L'Ukraine pourrait cependant négocier d'autres garanties de sécurité avec les Etats-Unis et l'UE, selon eux.
- Le plan de qui ? -
Kiev estime que ces propositions ont été préparées par la Russie et approuvées par les Américains qui envoient à Kiev des "signaux" pour "accepter ce plan", a déclaré à l'AFP le haut responsable.
"Nous ne savons pas s'il s'agit réellement d'un plan de Trump" ou simplement "de son entourage", a-t-il ajouté. Ce que la Russie est censée faire en retour "n'est pas clair", a encore souligné ce responsable.
D'après le média américain Axios, Washington et Moscou ont travaillé en secret à son élaboration, ce que le Kremlin a refusé de commenter.
Cette proposition intervient alors que les pourparlers entre Kiev et Moscou sont au point mort, et que l'armée russe avance dans plusieurs secteurs tout en poursuivant ses attaques sur les villes ukrainiennes.
Depuis son retour au pouvoir en début d'année, Donald Trump s'est présenté comme un médiateur pour ce conflit mais ses efforts n'ont jusqu'à présent pas porté leurs fruits. Il a finalement adopté en octobre des sanctions contre le secteur pétrolier russe.
- Réactions -
La présidence ukrainienne s'est dite prête à "travailler de manière constructive avec la partie américaine et (ses) partenaires en Europe et dans le monde entier afin de parvenir à la paix".
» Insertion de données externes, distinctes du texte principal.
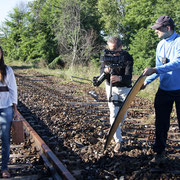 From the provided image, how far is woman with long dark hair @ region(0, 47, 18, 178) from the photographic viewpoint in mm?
3521

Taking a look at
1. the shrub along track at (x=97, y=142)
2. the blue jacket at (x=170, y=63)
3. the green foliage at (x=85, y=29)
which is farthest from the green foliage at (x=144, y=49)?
the blue jacket at (x=170, y=63)

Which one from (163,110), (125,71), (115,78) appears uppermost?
(125,71)

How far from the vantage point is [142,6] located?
35.4 meters

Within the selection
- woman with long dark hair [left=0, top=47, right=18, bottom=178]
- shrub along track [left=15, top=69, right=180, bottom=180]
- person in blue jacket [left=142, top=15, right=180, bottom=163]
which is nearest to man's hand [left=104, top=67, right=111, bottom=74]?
person in blue jacket [left=142, top=15, right=180, bottom=163]

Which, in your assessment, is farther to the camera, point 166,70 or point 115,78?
point 115,78

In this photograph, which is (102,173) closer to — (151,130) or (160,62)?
(160,62)

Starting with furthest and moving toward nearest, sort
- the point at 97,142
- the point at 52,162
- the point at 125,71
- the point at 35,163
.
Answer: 1. the point at 97,142
2. the point at 125,71
3. the point at 35,163
4. the point at 52,162

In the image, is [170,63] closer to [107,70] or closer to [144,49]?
[107,70]

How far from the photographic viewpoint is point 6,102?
11.7ft

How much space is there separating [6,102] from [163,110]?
2462mm

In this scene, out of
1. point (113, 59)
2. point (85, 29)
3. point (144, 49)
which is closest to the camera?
point (113, 59)

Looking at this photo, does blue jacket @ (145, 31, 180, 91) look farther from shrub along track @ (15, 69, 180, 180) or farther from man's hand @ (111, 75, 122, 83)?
shrub along track @ (15, 69, 180, 180)

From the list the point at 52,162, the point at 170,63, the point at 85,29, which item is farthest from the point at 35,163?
the point at 85,29

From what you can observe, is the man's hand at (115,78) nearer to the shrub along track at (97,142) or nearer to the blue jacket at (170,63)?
the blue jacket at (170,63)
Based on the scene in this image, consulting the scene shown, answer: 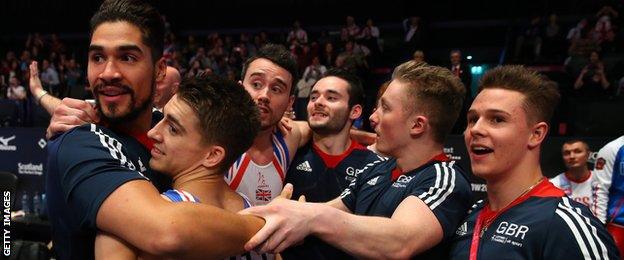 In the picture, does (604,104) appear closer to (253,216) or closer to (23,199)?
(253,216)

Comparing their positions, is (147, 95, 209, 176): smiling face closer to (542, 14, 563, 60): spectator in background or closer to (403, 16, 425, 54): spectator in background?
(542, 14, 563, 60): spectator in background

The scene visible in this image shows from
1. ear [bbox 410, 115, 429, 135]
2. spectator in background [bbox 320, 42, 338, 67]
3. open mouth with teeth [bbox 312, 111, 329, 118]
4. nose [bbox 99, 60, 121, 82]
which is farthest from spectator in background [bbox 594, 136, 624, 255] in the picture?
spectator in background [bbox 320, 42, 338, 67]

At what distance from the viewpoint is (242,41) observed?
15.4 metres

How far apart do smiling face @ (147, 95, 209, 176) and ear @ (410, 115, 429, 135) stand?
0.95 metres

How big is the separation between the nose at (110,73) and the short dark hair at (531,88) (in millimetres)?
1465

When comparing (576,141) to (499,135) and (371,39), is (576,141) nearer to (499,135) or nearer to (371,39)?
(499,135)

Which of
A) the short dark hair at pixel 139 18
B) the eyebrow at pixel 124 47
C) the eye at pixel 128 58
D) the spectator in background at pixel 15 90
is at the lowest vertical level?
the eye at pixel 128 58

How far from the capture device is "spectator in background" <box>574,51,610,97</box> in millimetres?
9523

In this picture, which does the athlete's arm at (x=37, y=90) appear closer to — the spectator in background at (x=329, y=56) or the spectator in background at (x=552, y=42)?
the spectator in background at (x=329, y=56)

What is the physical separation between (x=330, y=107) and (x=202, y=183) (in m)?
2.10

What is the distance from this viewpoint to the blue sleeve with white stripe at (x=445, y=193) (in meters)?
2.12

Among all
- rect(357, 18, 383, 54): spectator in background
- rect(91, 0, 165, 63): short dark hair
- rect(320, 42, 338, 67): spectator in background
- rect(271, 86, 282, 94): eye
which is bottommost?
rect(271, 86, 282, 94): eye

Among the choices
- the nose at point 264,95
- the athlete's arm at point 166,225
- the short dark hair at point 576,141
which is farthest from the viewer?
the short dark hair at point 576,141

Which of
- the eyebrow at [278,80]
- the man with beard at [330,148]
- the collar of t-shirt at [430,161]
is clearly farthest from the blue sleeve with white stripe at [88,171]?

Selon elle, une conversation entre Volodymyr Zelensky et Donald Trump à ce sujet est prévue "dans les prochains jours".
"Les deux parties devront accepter de faire des concessions difficiles mais nécessaires", a de son côté déclaré le secrétaire d'Etat américain, Marco Rubio, plaidant pour un "échange d'idées sérieuses et réalistes".
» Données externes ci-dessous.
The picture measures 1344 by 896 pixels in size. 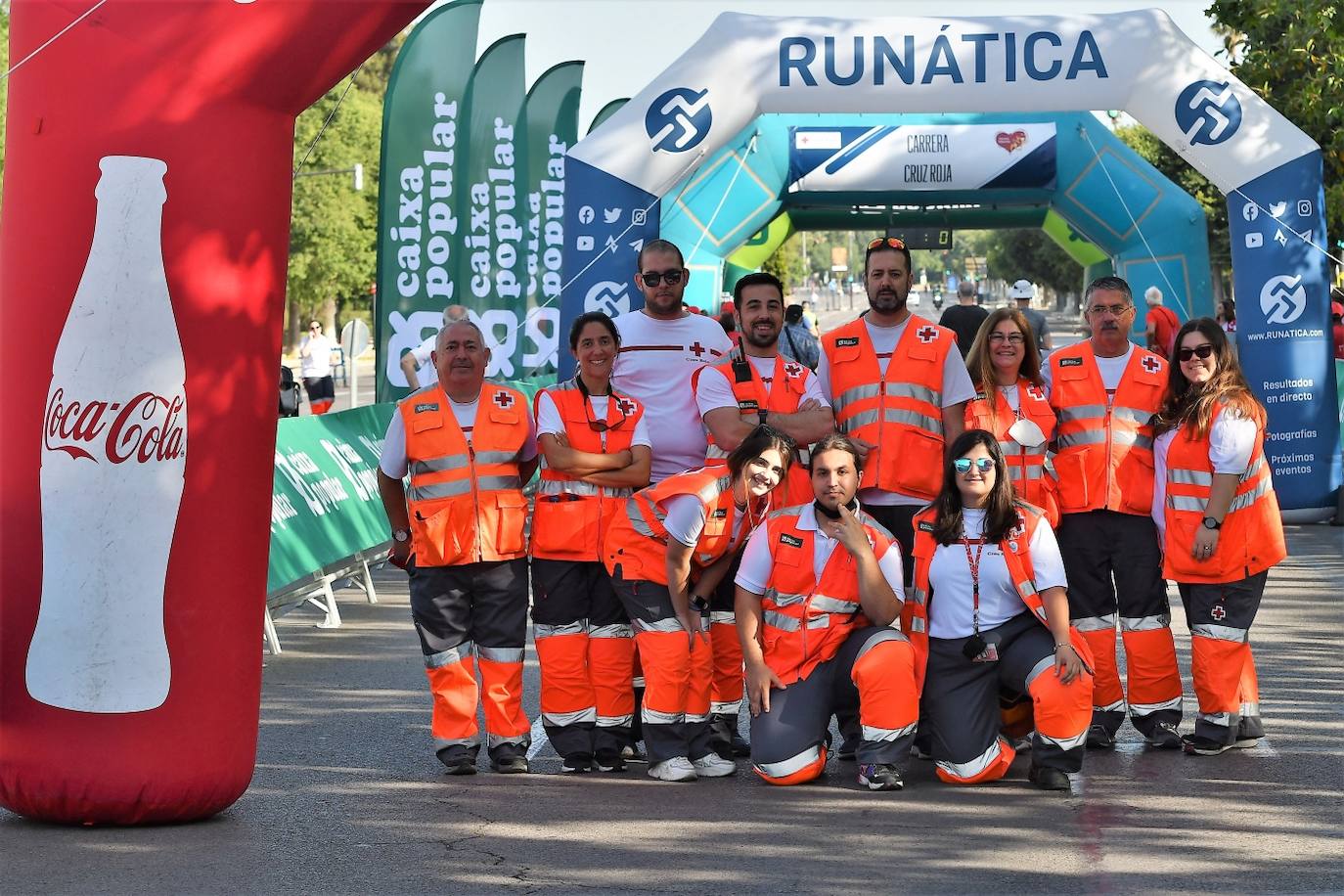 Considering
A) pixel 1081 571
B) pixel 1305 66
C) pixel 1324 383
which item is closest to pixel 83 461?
pixel 1081 571

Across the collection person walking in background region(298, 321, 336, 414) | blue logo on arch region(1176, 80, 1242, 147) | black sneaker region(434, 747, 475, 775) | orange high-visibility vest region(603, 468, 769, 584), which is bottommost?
black sneaker region(434, 747, 475, 775)

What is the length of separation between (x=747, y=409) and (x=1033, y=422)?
1.28 meters

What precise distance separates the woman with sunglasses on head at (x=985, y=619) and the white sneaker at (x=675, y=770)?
3.13ft

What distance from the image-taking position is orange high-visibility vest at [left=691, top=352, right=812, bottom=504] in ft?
24.9

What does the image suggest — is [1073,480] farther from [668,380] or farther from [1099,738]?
[668,380]

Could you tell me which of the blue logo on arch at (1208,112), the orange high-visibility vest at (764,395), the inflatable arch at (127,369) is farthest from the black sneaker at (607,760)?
the blue logo on arch at (1208,112)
Le Kremlin a déclaré n'avoir aucun commentaire.
"Pour qu'un plan fonctionne, il faut que les Ukrainiens et les Européens soient impliqués", a déclaré jeudi la cheffe de la diplomatie de l'UE, Kaja Kallas.
"Les Ukrainiens refuseront toujours toute forme de capitulation", a assuré le chef de la diplomatie française Jean-Noël Barrot.